In his foreword to Warp, Lev Grossman says that it took him four years to write it, from 1992 through 1996. That seems a little surprising at first, since it is about 180 pages long, but he clearly did not work on it every day during that time. I can imagine him writing and deleting scenes and vignettes, agonizing over just the right word, and walking away from it for weeks while he turned the words over in his head.
He also says that this book (reissued by St Martin’s Griffin) is a period-piece, and it is that, a polished slice-of-life of an entitled, bored Gen-Xer named Hollis who must face the fact that life has not dropped to one knee and offered him all his fantasies come true on a silver platter.
Hollis lives in Boston. He is dodging his landlord because he’s behind in the rent. He isn’t working, not even temp jobs. He hangs out with some male friends who apparently are slightly more checked-in than he is – it seems like one of them might have a job, and the story revolves around a plan to go stay at a house in Dover for the weekend. At first it sounds like they’ve been invited to the house. Then it sounds like one of his group is house-sitting. Then it gets murkier than that, and the adventures of the house become the activity-framework (I can’t call it a plot) that much of the book hangs on.
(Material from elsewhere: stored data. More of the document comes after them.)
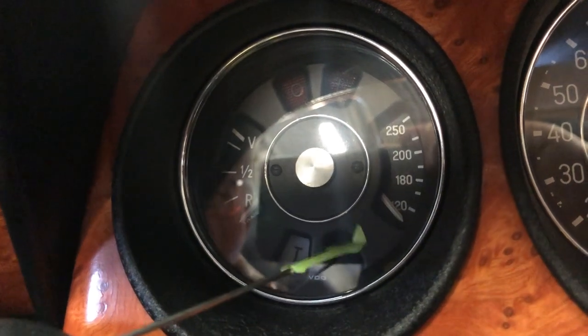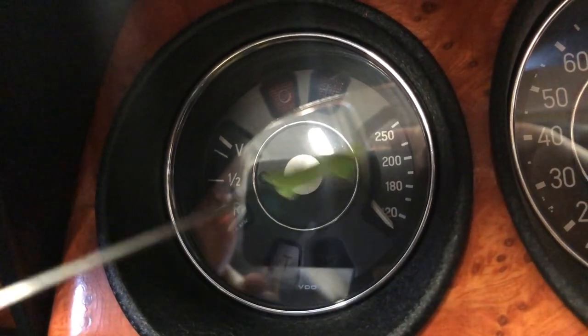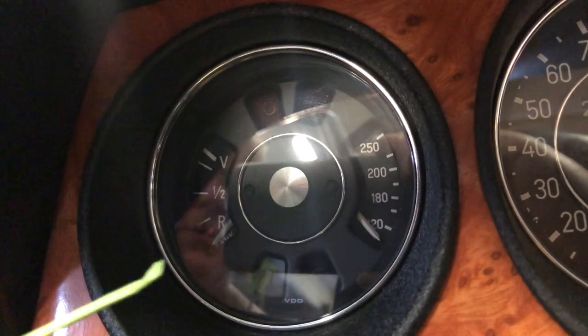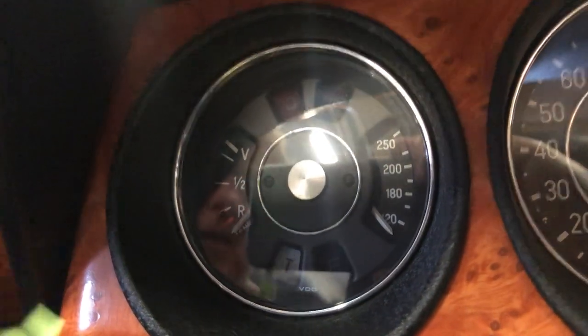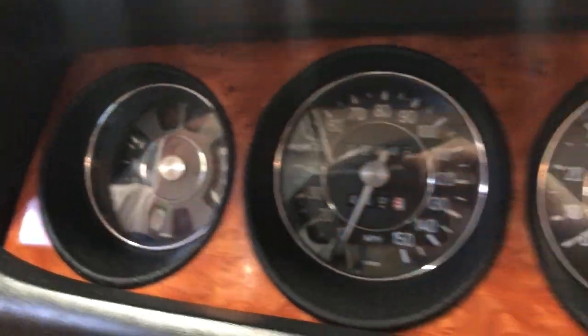Coupe water temperature gauges were typically blue on the bottom, red on the top, and no information in between. This one has been calibrated and numbered in Fahrenheit. That concludes the gauges tour.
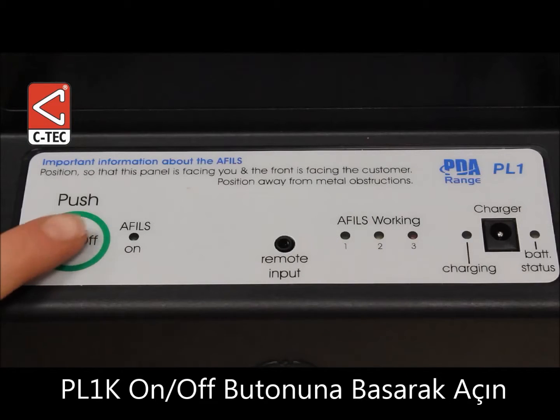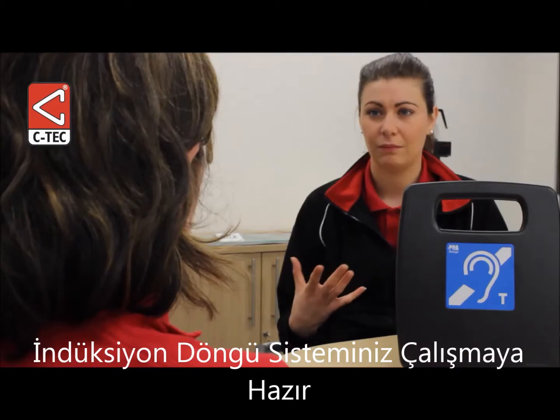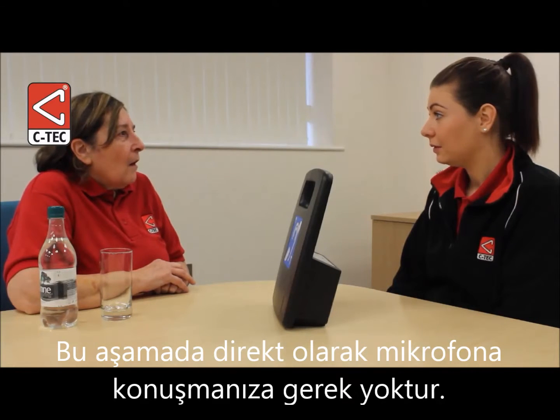Press the amplifier's on/off button once. The amplifier will beep to confirm it is ready to use. Talk to the hearing aid user as normal. You do not need to talk directly into the internal microphone as it has a wide pick-up range.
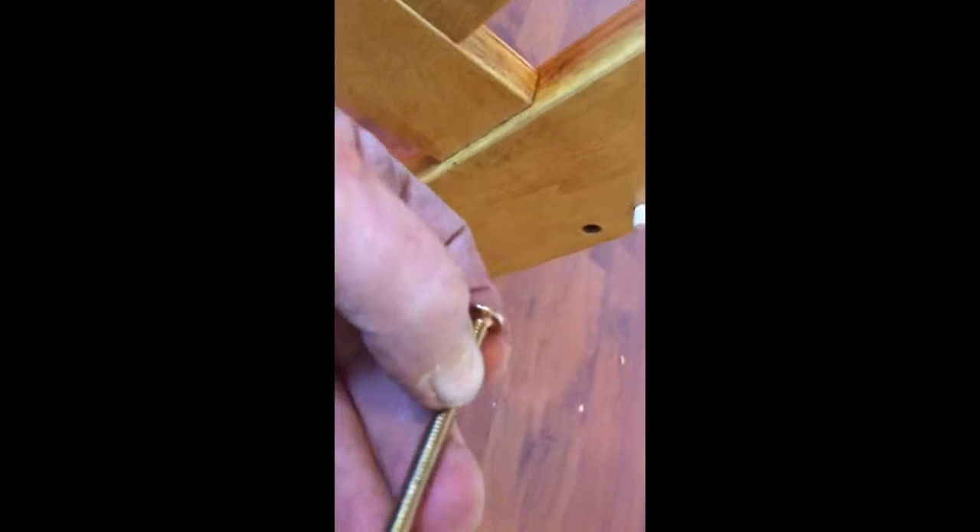This is a Harmony bed I'm putting together — the Harmony Buckingham natural oak. Got most of it done; it's pretty straightforward. I just thought I'd show you a typical corner with this bed. First you've got a hole for the dowel, then you've got two holes for the screws that go through.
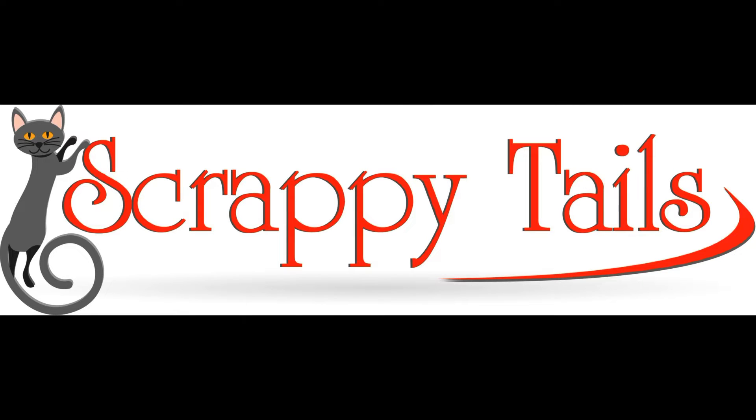Hi everyone, Sabrina here from Scrappy Tails Crafts, and today I'll be showing you the first five cards that I created with the Simon Says Stamp May 2019 card kit.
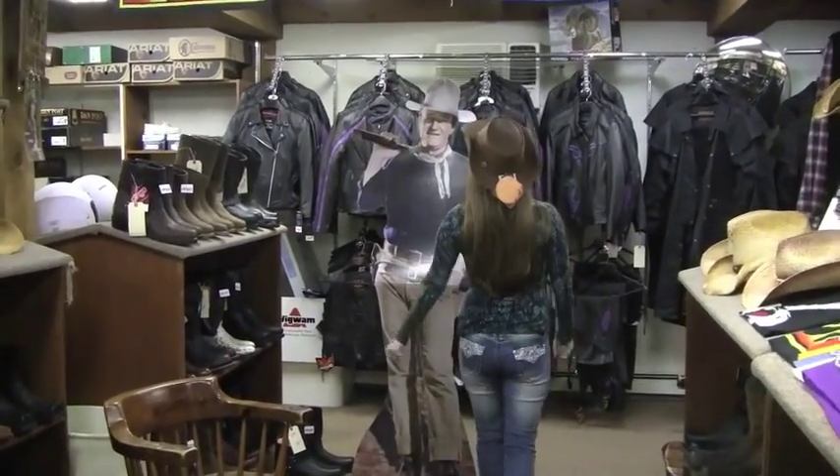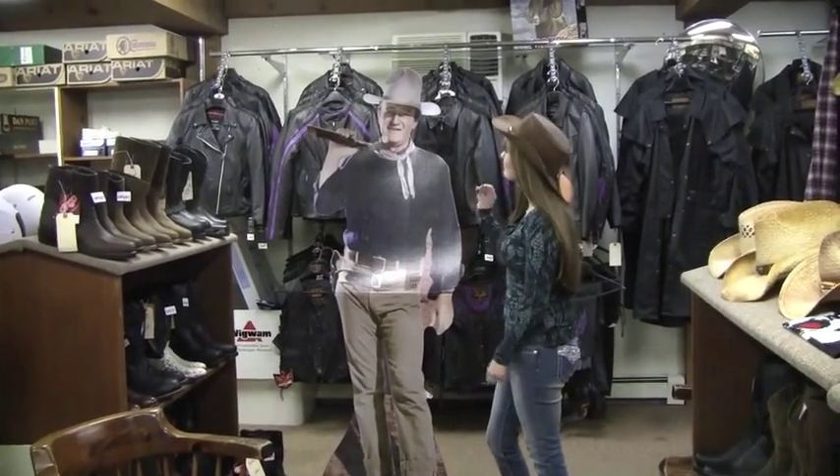Hey there, John, how you doing? Haven't seen you in a while. Call me.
Hollis is also pining after the woman he broke up with, Eileen, and as the story continues he meets another woman, Xanthe. Xanthe is as far from Eileen as it is possible to imagine; a woman whose very name in is question, whose work is interesting, and who he meets while she is hacking the service phone next to an ATM to make long distance calls to Scandinavia. Hollis, is, to the extent he can be, infatuated, and Xanthe continues to make random appearances in his life throughout the book, which covers two days.
I didn’t like Warp, if “liking” a book means I enjoyed reading it. I didn’t “like” Hollis and I felt very little sympathy for him. I think Grossman delivered what he intended, a portrait of a certain type of man (pretty close to himself at the time, I suppose). It’s well written. Each precise word gleams with painstaking, hand-burnished angst. Hollis is a withdrawn observer, reporting on the specific actions of his friends and their words; he is also fantasizing and the work is interspersed with his imaginings of himself as a superhero, as a Count of Monte Cristo style hero, or as various characters in Star Trek; Next Generation (Hollis has a crush on Counselor Troi). Grossman does a great job of juxtaposing the fantasies with the actual boring sequences at the bar, in the car on the drive to Dover, on the sidewalk, at the train depot. Grossman captured the living-in-your-head escapism perfectly, even to the droning repetitions of some phrases or words. I said “droning;” it’s clear that Grossman is doing this intentionally, and it works.
Hollis does scrape up the nerve to go see his old girlfriend. It’s probably not accidental in this book that the ones who are “corporate sellouts,” in the sense of getting jobs, paying their bills, and generally being responsible are usually the women characters. Hollis’s meeting with Eileen is not successful. Grossman writes a scene where Eileen, who still has affection for Hollis, tries, by her lights, to throw him a lifeline. when it is obvious that these two people have no common ground anymore. It is tragic, and it is perfectly done.
Generally, though, Grossman’s observational powers shine in the tiny sequences in this story, like when Hollis finds a single glove on the street, or Peter steers the car to avoid a two-by-four in the road, rather than the long passages, such as the ones in the Dover house, or at the ATM, which read more like self-conscious set-pieces. They’re good; the tiny moments suited me better.
Grossman would go on to have a breakout hit with The Magicians, where similar characters interrupt their drinking and boredom with magic. I didn’t like his Quentin Coldwater character very much, either, until the second book where, instead of being coddled, Quentin faced some consequences. I guess that while this writer depicts this particular character with great accuracy, it isn’t a type of character I’m interested in. I may be remembering wrong, but while, over in Boston, Hollis is mooning around watching his landlord’s girlfriend walk her pet ferret, out here in the uncivilized provincial west Gen-Xers were doing fundraisers for non-profits, staging protests and experimenting with art and music. As I said, maybe I’m remembering it wrong.
All that said, Grossman delivers what he intended, and this short novel is a clear window into a certain time, a certain social class and a certain mindset. It is worth reading, and it won’t take you too long.